• [Problem to solve]
When you copy the entries, keep every word exactly as it is and drop the images.

[Image-text web data]

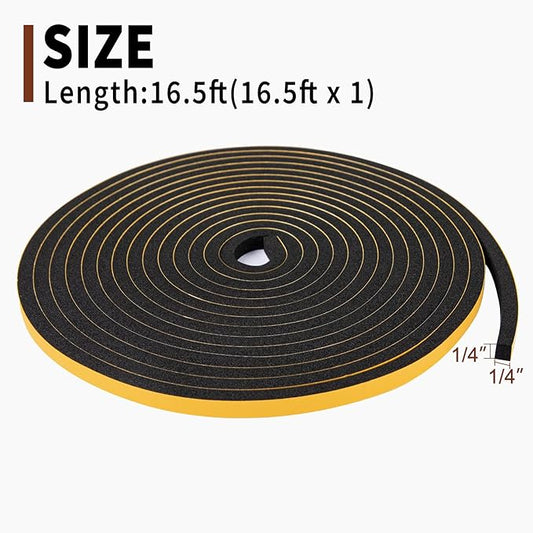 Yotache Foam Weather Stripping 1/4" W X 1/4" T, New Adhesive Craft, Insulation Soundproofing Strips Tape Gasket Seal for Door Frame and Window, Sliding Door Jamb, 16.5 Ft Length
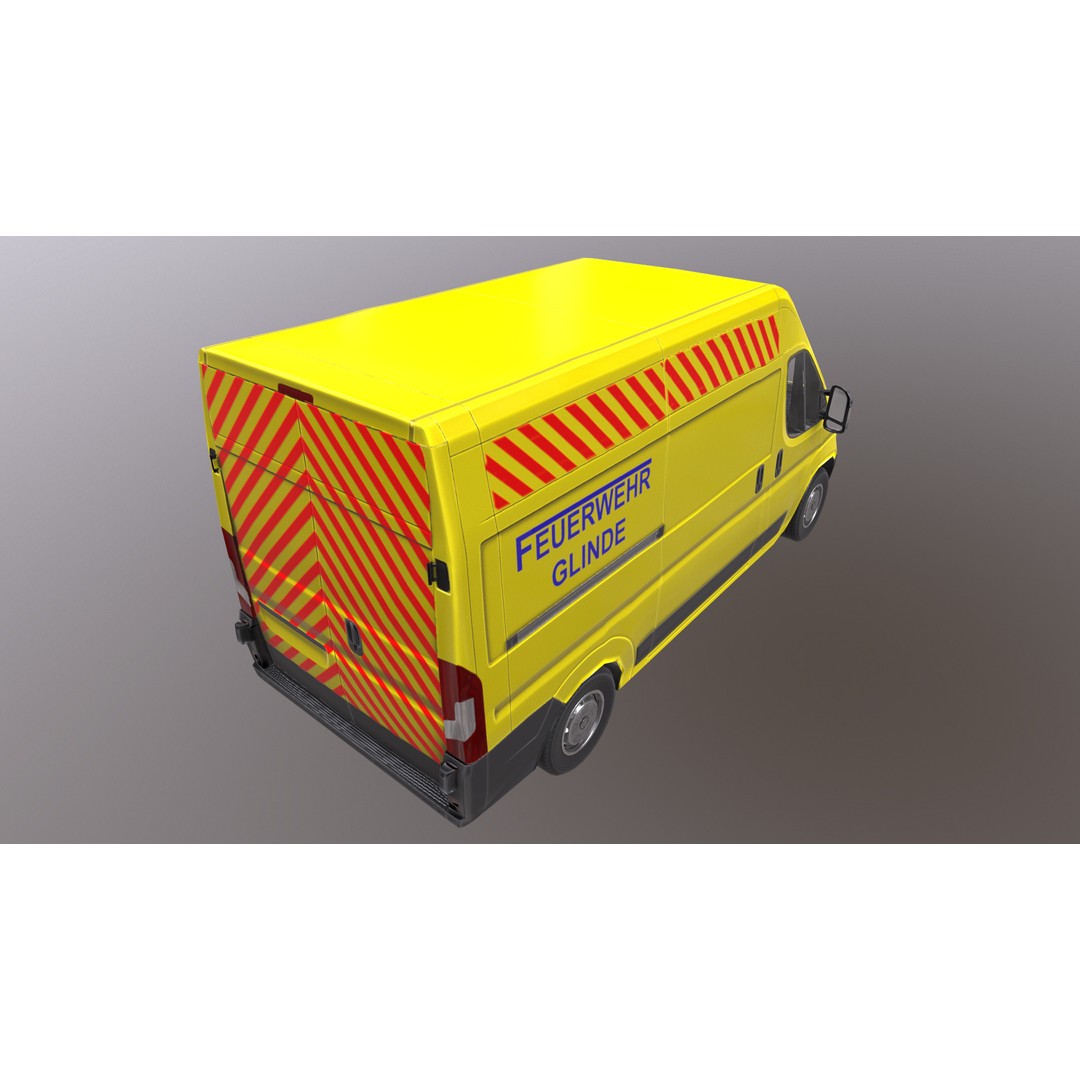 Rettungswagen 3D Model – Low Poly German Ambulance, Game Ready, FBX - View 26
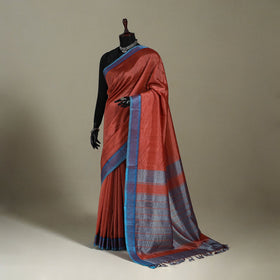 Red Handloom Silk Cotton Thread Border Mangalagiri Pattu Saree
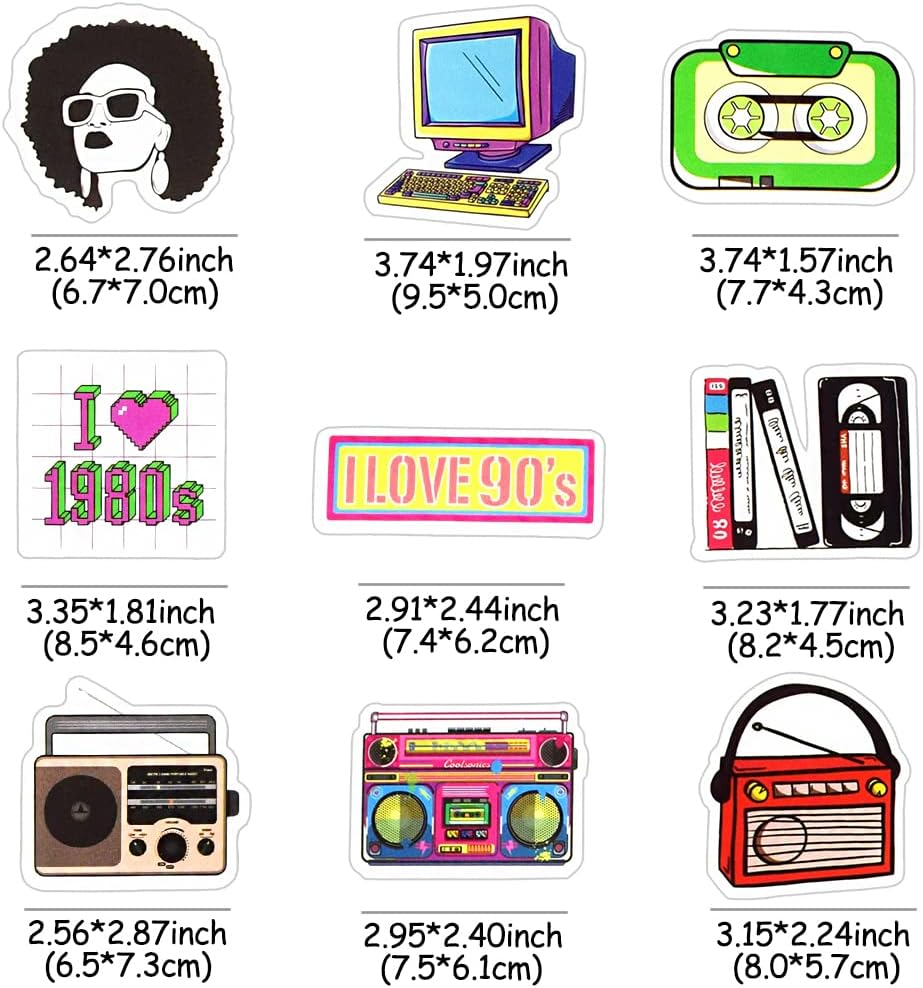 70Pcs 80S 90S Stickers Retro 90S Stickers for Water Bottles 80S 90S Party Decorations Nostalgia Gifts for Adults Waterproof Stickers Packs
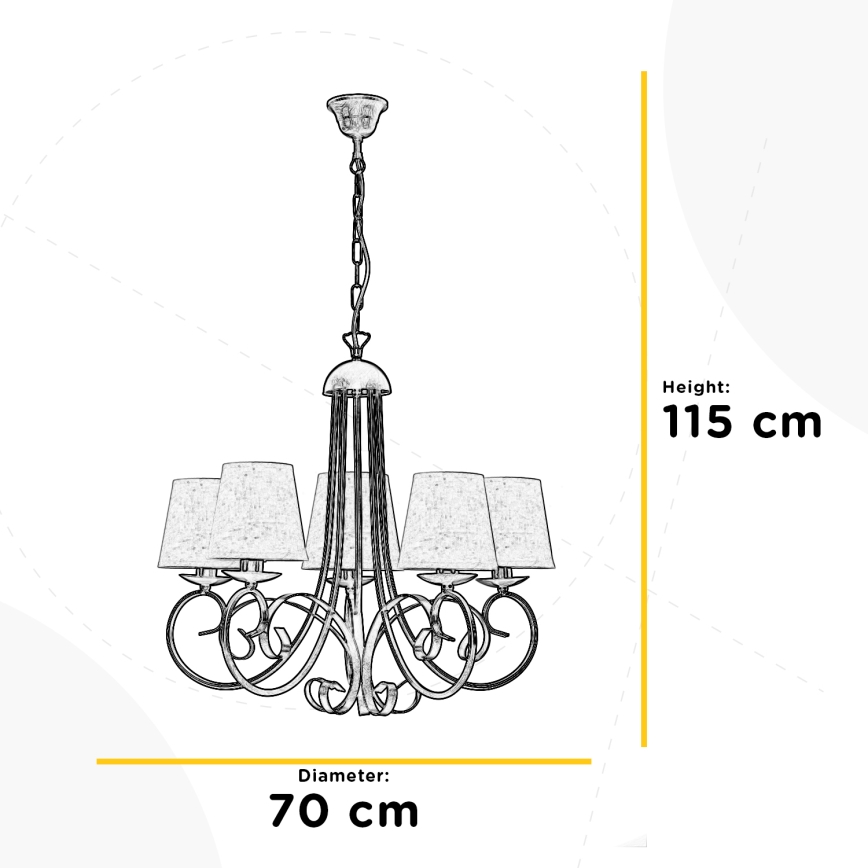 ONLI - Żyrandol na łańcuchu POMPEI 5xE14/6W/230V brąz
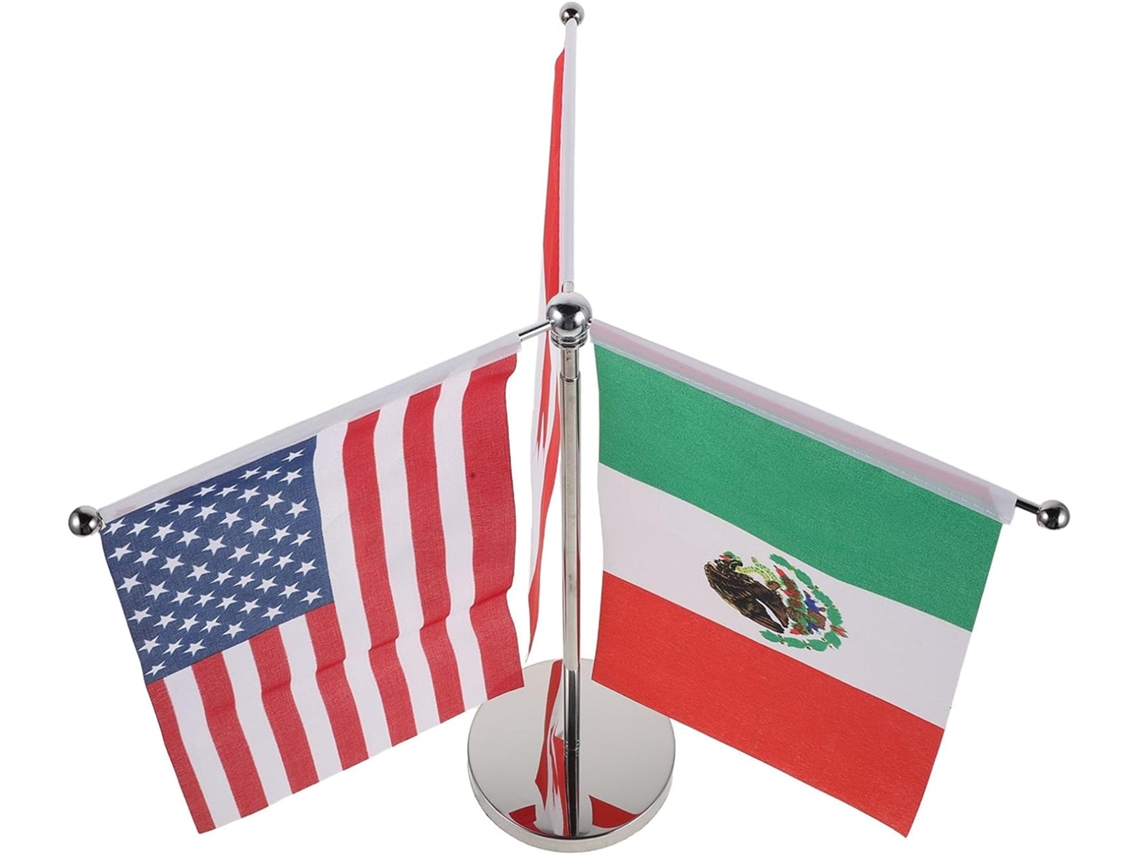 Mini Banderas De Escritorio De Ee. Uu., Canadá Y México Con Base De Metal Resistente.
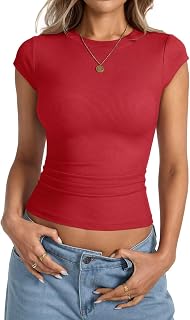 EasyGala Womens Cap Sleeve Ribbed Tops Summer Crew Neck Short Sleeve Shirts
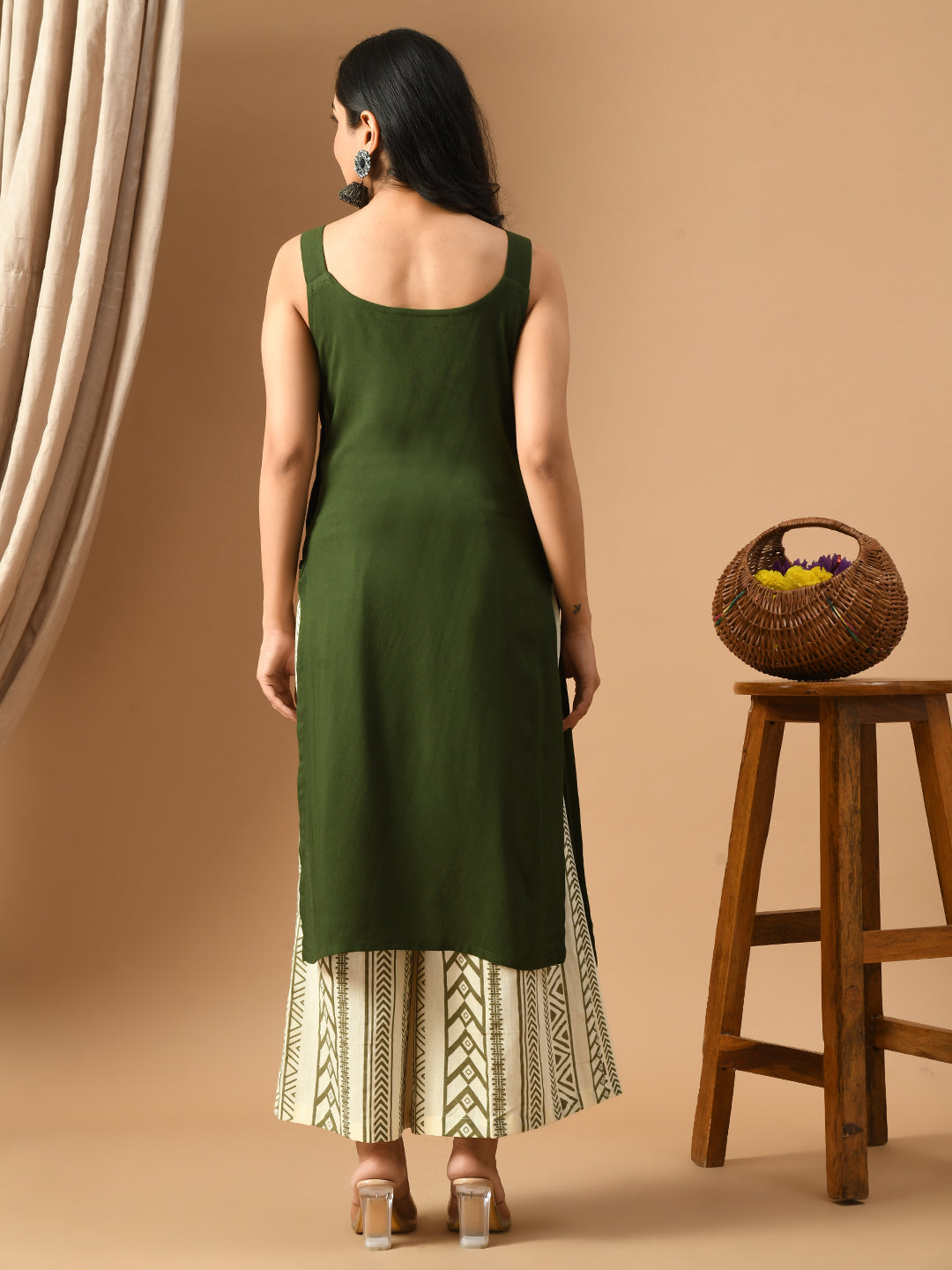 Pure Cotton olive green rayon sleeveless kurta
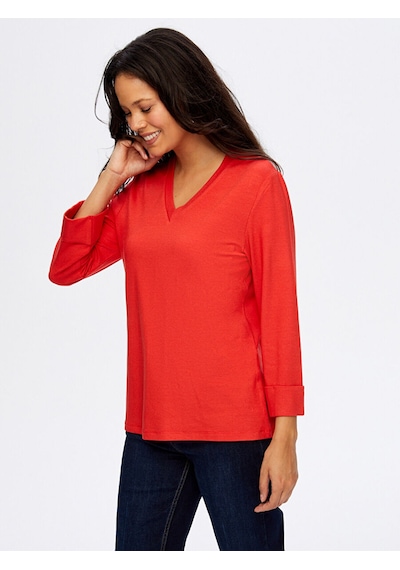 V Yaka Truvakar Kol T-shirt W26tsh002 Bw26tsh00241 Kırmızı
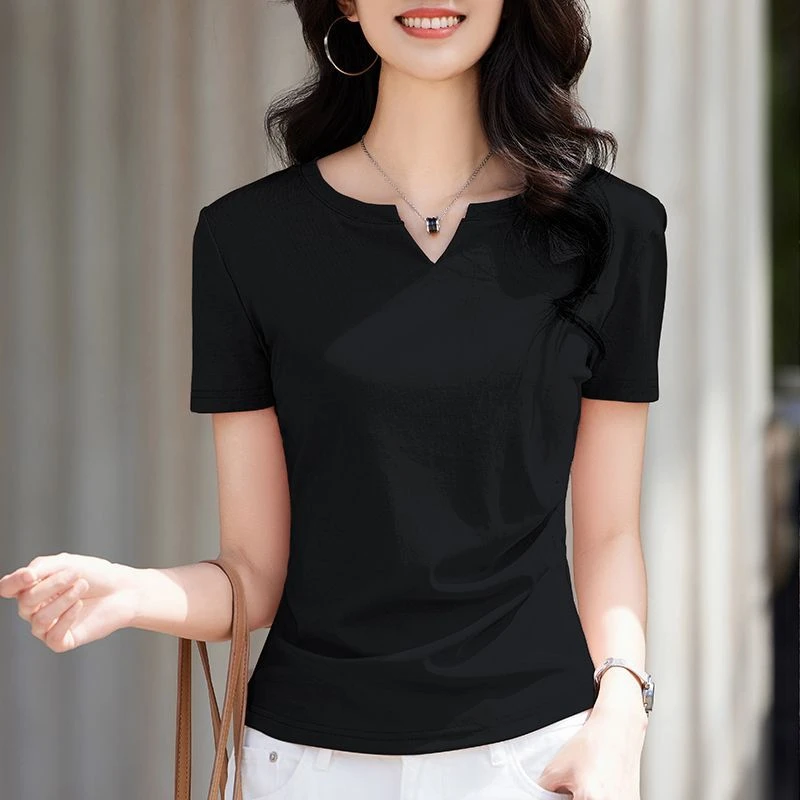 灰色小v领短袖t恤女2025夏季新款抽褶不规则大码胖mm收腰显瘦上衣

• [Task response]
 Yotache Foam Weather Stripping 1/4" W X 1/4" T, New Adhesive Craft, Insulation Soundproofing Strips Tape Gasket Seal for Door Frame and Window, Sliding Door Jamb, 16.5 Ft Length
 Rettungswagen 3D Model – Low Poly German Ambulance, Game Ready, FBX - View 26
 Red Handloom Silk Cotton Thread Border Mangalagiri Pattu Saree
 70Pcs 80S 90S Stickers Retro 90S Stickers for Water Bottles 80S 90S Party Decorations Nostalgia Gifts for Adults Waterproof Stickers Packs
 ONLI - Żyrandol na łańcuchu POMPEI 5xE14/6W/230V brąz
 Mini Banderas De Escritorio De Ee. Uu., Canadá Y México Con Base De Metal Resistente.
 EasyGala Womens Cap Sleeve Ribbed Tops Summer Crew Neck Short Sleeve Shirts
 Pure Cotton olive green rayon sleeveless kurta
 V Yaka Truvakar Kol T-shirt W26tsh002 Bw26tsh00241 Kırmızı
 灰色小v领短袖t恤女2025夏季新款抽褶不规则大码胖mm收腰显瘦上衣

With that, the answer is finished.